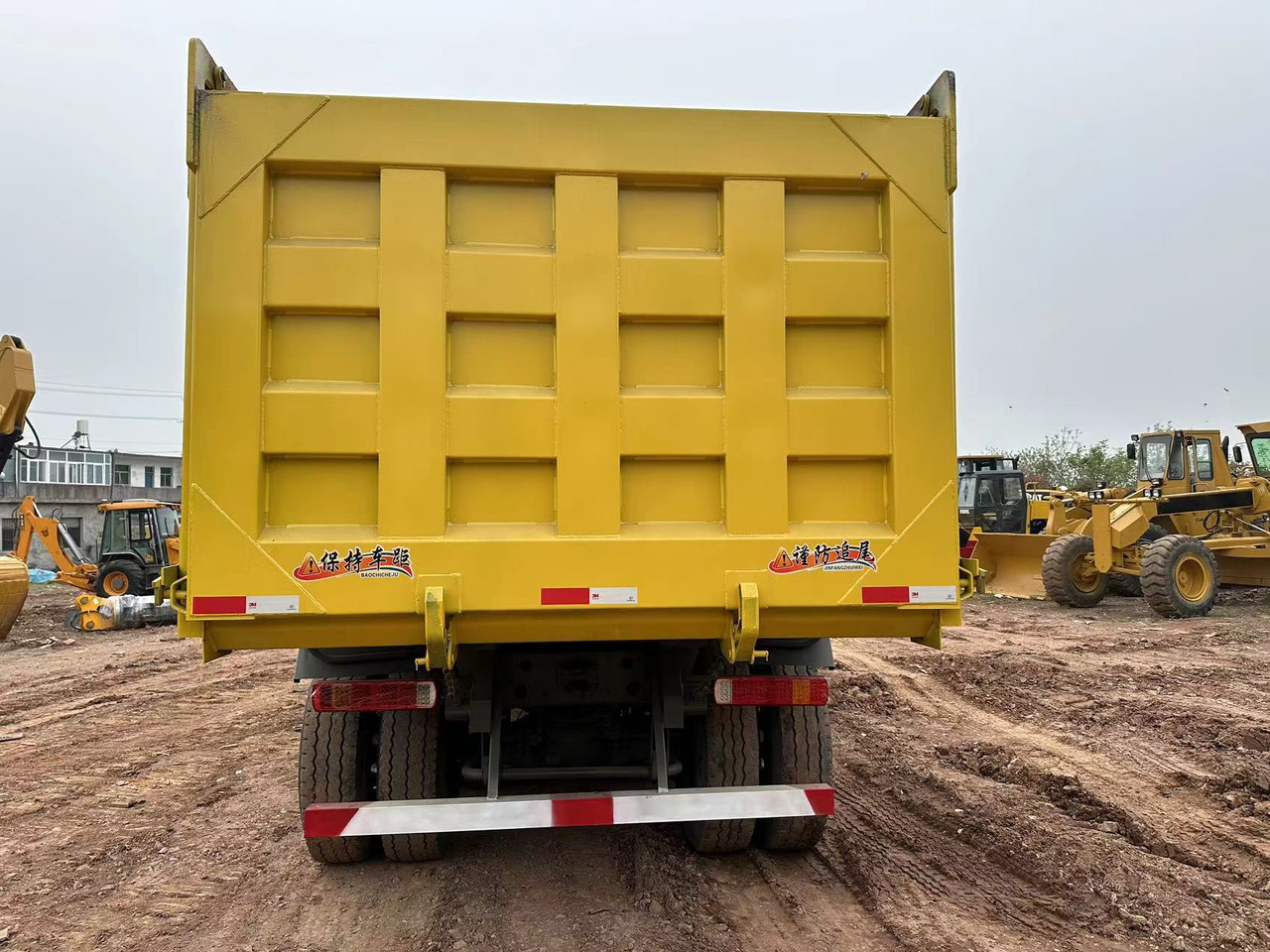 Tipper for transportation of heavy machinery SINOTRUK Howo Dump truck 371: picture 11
==
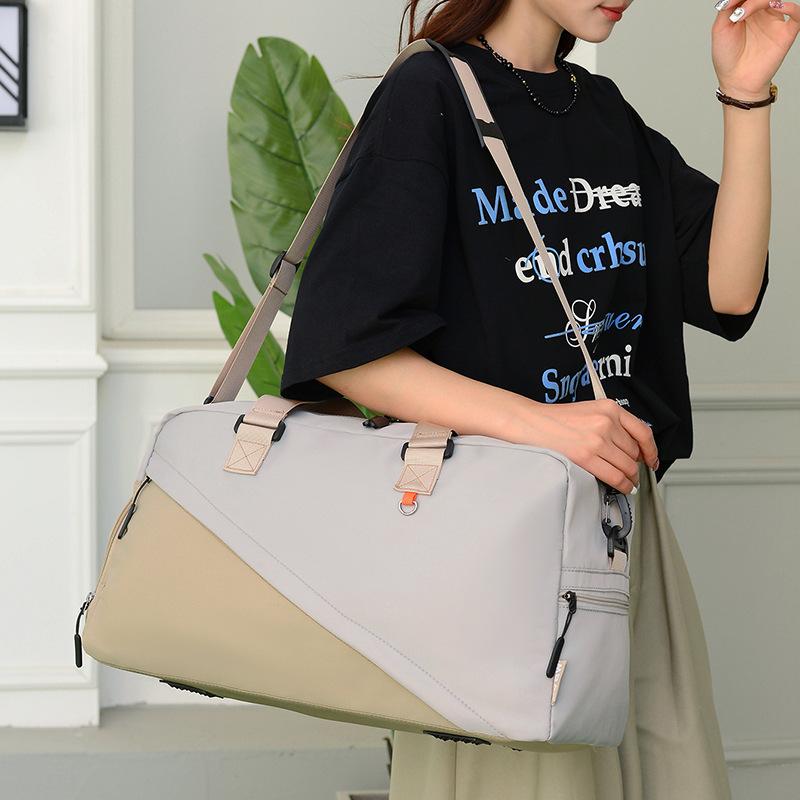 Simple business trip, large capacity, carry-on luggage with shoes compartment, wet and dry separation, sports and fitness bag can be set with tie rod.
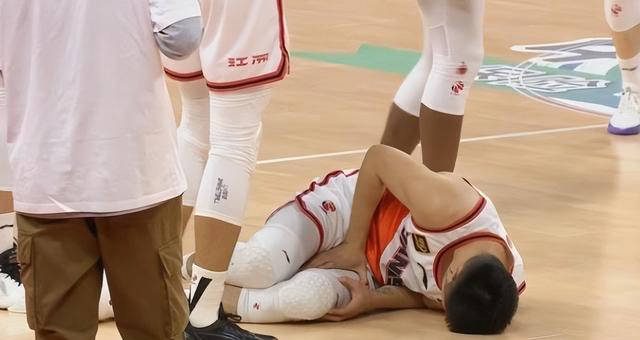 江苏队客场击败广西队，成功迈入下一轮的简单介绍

PROBLEM DESCRIPTION
Transcribe, from the material above, the stretch starting at the line with "Simple business trip, large" and ending at the line with "江苏队客场击败广西队，成功迈入下一轮的简单介绍", both included, exactly. Do not carry over pictures.

EXPECTED ANSWER
 Simple business trip, large capacity, carry-on luggage with shoes compartment, wet and dry separation, sports and fitness bag can be set with tie rod.
 江苏队客场击败广西队，成功迈入下一轮的简单介绍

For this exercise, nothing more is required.